Kelompok yang merasa dirinya lebih baik, cenderung menjadikan dirinya sebagai referensi dan secara sepihak menegasikan identitas di luar dirinya. Max Weber dalam The City pada tahun 1921 merumuskan identitas masyarakat urban dunia dalam dikotomi "Occidential vs Oriental". Baginya, identitas "occidential" alias "Barat" tadi eksis sebagai kebalikan dari yang menjadi ciri "Oriental". Dan ketimbang memahami "Timur" sebagai segugus sistem hidup yang saling melengkapi, "Barat" malah mengukuhkan identitasnya dengan melabeli "Timur" dengan segala keburukannya.

Persis seperti yang dilakukan psikiater Belanda P.H. Travaglino, yang menyimpulkan pada tahun 1920, seperti dikutip Goenawan Mohamad (GM), bahwa identitas orang Jawa dewasa umumnya tidak memiliki kematangan psikologis dan masih bersifat kinderlijk niveau alias kekanak-kanakan, dan ini merupakan kajian ilmiah yang dipakai Belanda sebagai pembenaran memperpanjang kolonialismenya di Indonesia. Sebuah cara pandang filosofis yang coba digedor dan terus dilawan dalam diskursus poskolonial.

***

Lapis demi lapis karakter identitas yang hadir di kota haruslah dibaca sebagai keaneka-ragaman guna memperkaya budaya dan memperunik wajah kota, yang diistilahkan Rapoport (Tata Ruang Perkotaan; Prof. Ir. Eko Budihardjo M.Sc. 1997), sebagai "Cultural Landscape" dengan beraneka ragam karakter, sifat, kekhasan, keunikan, kepribadian. Oleh karena itu, yang pertama-tama harus dipahami adalah budaya dari berbagai kelompok masyarakat dan pengaruh dari tata nilai, norma, gaya hidup, kegiatan, dan simbol-simbol yang mereka anut terhadap penataan dan bentuk pembangunan kota. Dalam setiap kota yang merupakan "melting pot" selalu terdapat pluralisme budaya, tidak dapat dihindari timbulnya benturan pada skala kota yang menciptakan kompleksitas dan kontradiksi.

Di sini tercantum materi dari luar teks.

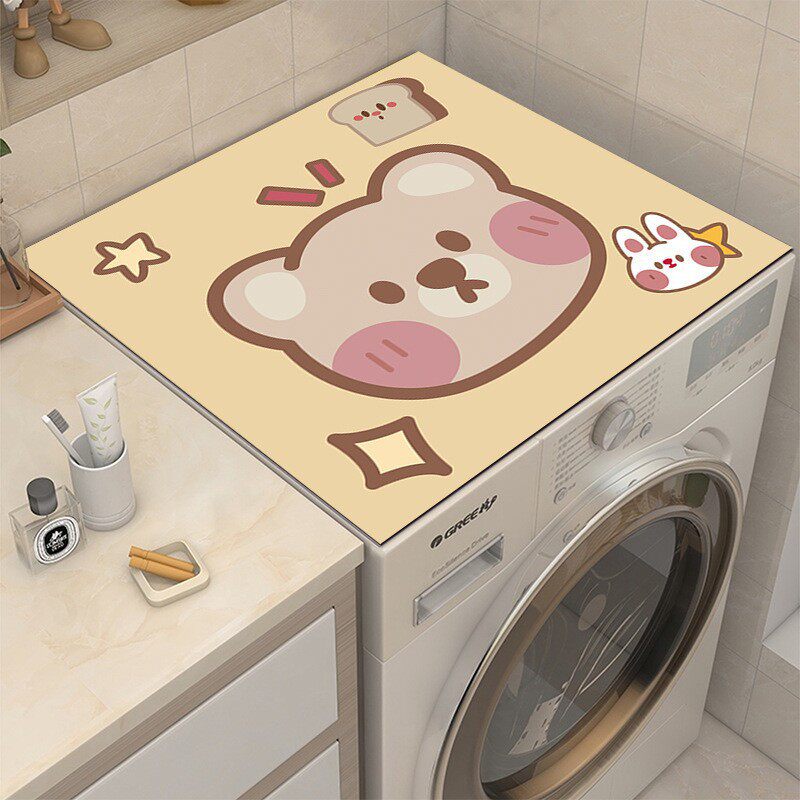 卡通小熊硅藻泥滚筒洗衣机盖垫吸水垫冰箱盖布卧室床头柜防滑垫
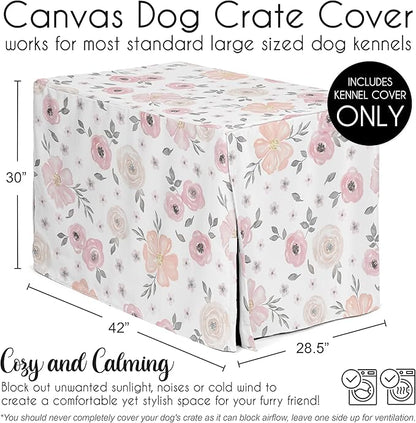 Sweet Jojo Designs Blush Pink Grey Boho Floral Dog Crate Cover – Kennel Covers for 42 Inch Pet Cage Medium/Large - Bohemian Farmhouse Shabby Chic Rose Lily Watercolor Flower Elegant Gray and White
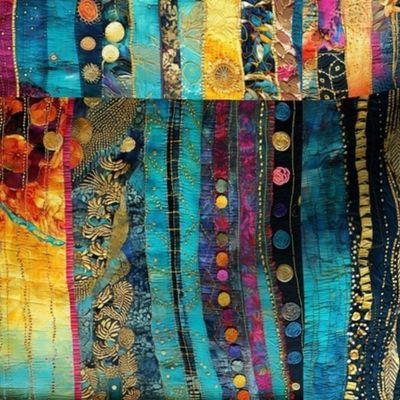Boho Kantha Cloth In Jewel Tones   by Bada Bling Digital Art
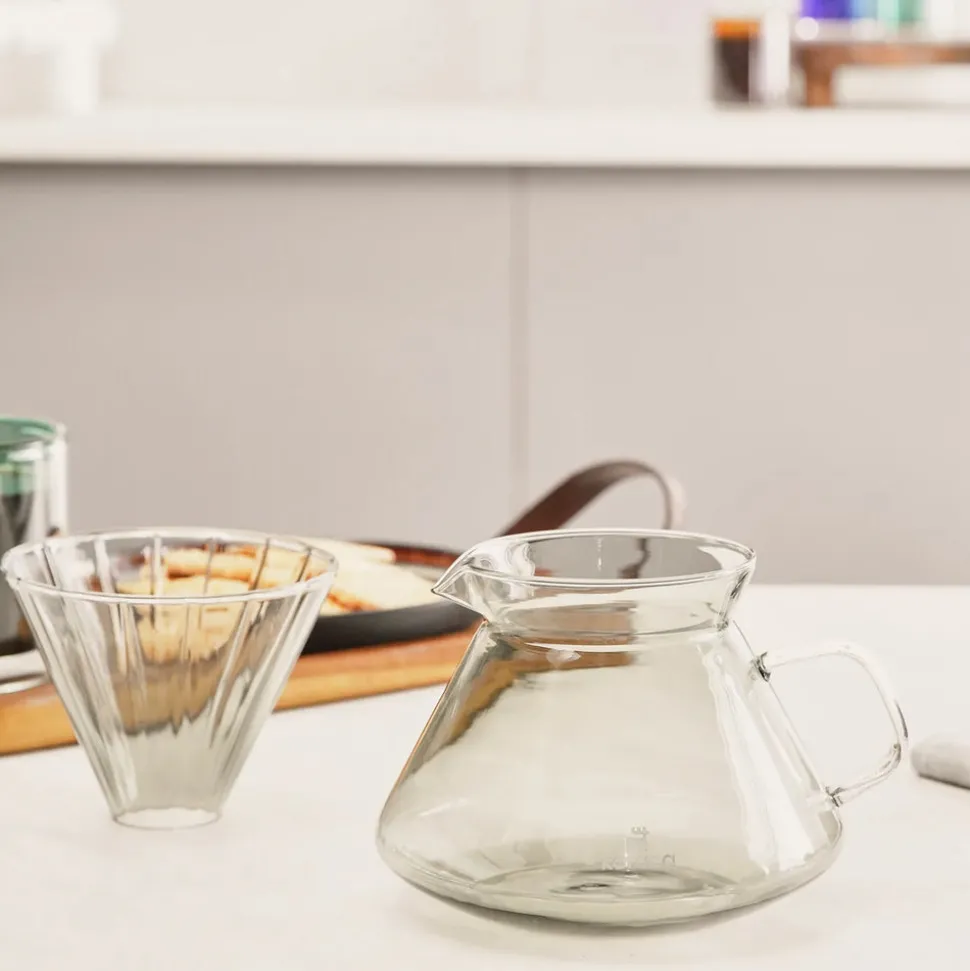 Karaca Winx Brewy Glass Pour Over Coffee Maker Set with Stand, 650ml, Grey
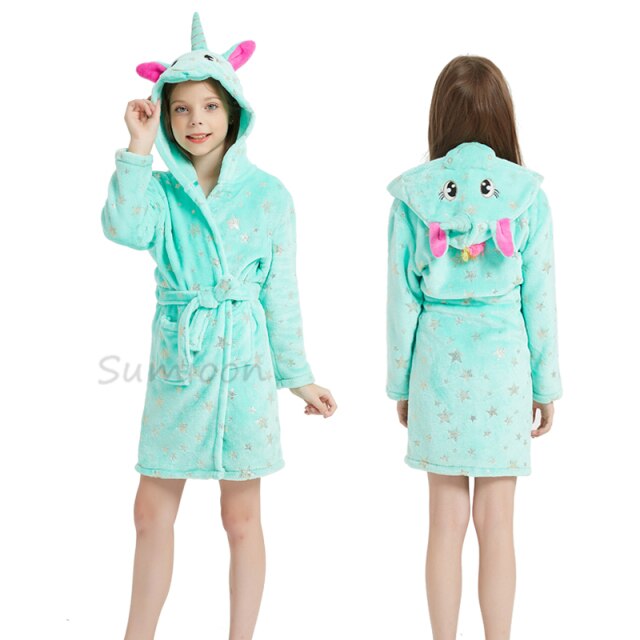 Children Bathrobe Baby Bath Robe Animal Rainbow Unicorn Hooded Bathrobes Girls Kids Sleepwear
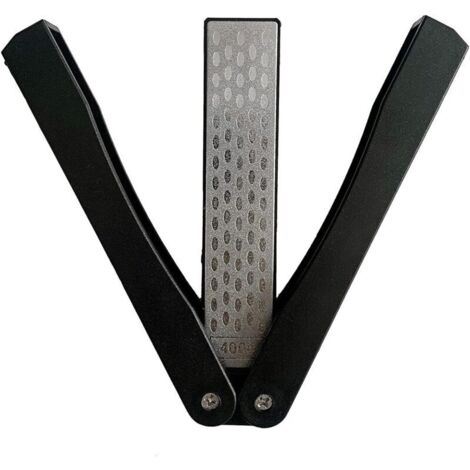 SABIR Affûteur Diamanté, Aiguiseur Double Face de Couteau, Pierre à Aiguiser en Diamant , Format de Poche Pliable 400/600 Grain, L'Outil D'Affûtage Pliante Pour la Cuisine de Camping en Extérieur Noir (1/5)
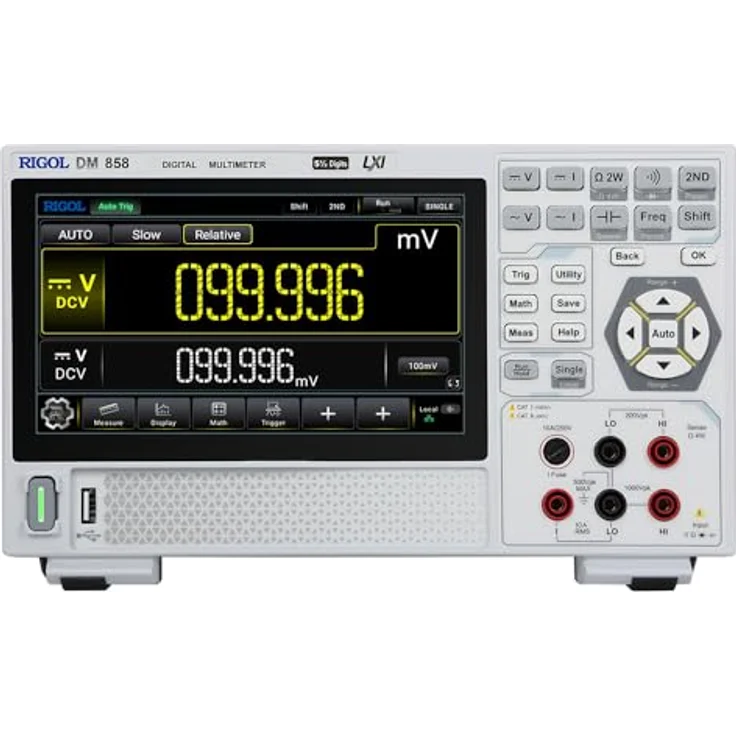 RIGOL DM858 Tragbares Tischmultimeter, 5½ bit TRMS, 0,03% DCV Genauigkeit, 125 rdgs/s, 7" Farb-Touchscreen, mobile Stromversorgung, 500.000 Punkte Protokollierung – Bild 1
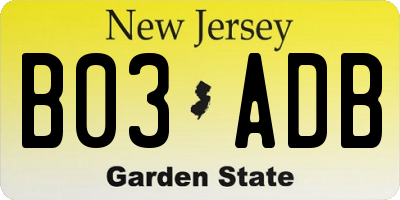 NJ license plate B03ADB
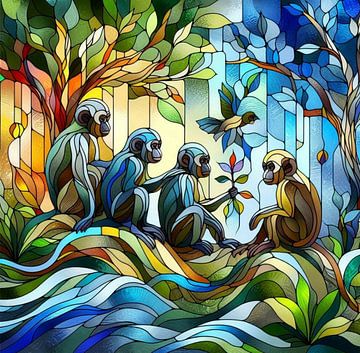 Vier aapjes in oerwoud van Yvonne van Huizen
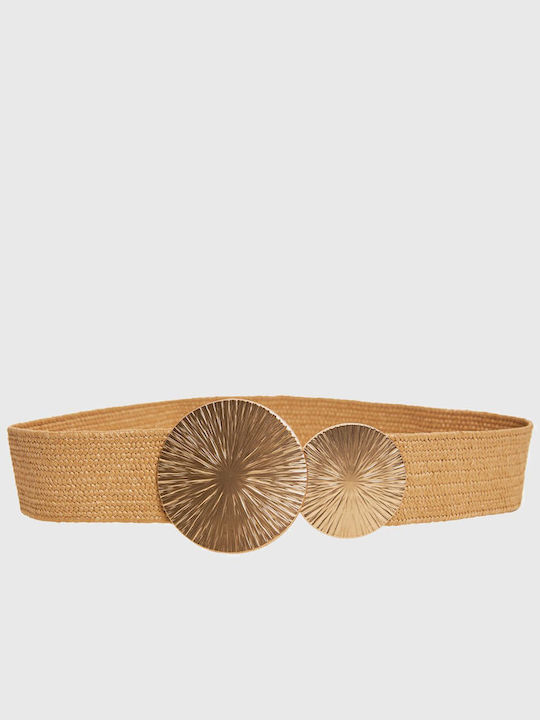 Funky Buddha Elastic Women's Belt Beige FBL011-142-10-Beige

Sebab, antara homogenitas yang kaku seragam dan heterogenitas yang kenyal beragam, merupakan bentuk yang gampang pemeriannya tetapi sulit pengejawantahannya. Untuk mengatasi masalah semacam itu, disarankan suatu bentuk perencanaan yang open ended yang menentukan bagian-bagian tertentu dari sistem kota supaya memberikan peluang bagi bagian-bagian lain (termasuk yang tidak dapat diperkirakan sebelumnya) untuk bergerak secara spontan. Perencanaan open ended yang luwes dan kenyal ini memungkinkan penjabaran nilai, kebutuhan, dan gaya hidup yang berbeda dalam suatu lingkungan yang dinamik. Dan kelompok-kelompok penghuni kota yang berdatangan akan dengan mudah menyesuaikan diri dan membentuk kembali secara kreatif ruang, waktu, makna, dan komunikasi.

Berbeda bukan berarti ancaman. Berbeda adalah pluralitas keunikan. Kita bisa hidup lebih baik dengan mengencangkan toleransi identitas dan menggunakan kota sebagai laboratoriumnya, serta jangan sampai terjebak dalam pengotakan identitas yang berlebihan, apalagi dibarengi ancaman seperti yang sempat diteriakkan Goerge Bush secara kekanakan dan menggelikan, "You are either with us or against us!"

Para perencana yang menganut paham bahwa segala sesuatu harus direncana, dikontrol, dan dipantau secara tegar pasti akan menentang pola tersebut. Mereka beranggapan ekspansi individual atau kelompok, jika dibiarkan akan menciptakan kekacauan, tidak teratur, berantakan. Padahal dalam kehidupan nyata ini, perencana dan pelaksana yang "down to the last detail" tidak hanya mungkin, tetapi bahkan juga tidak diinginkan. Soalnya, banyak hal di luar dugaan muncul dengan tiba-tiba. Kejadian dan perubahan, ekspresi dan improvisasi merupakan faktor yang justru memanusiawikan lingkungan dan layak dikembangkan, atau diberi wadah, dan di-salut-kan.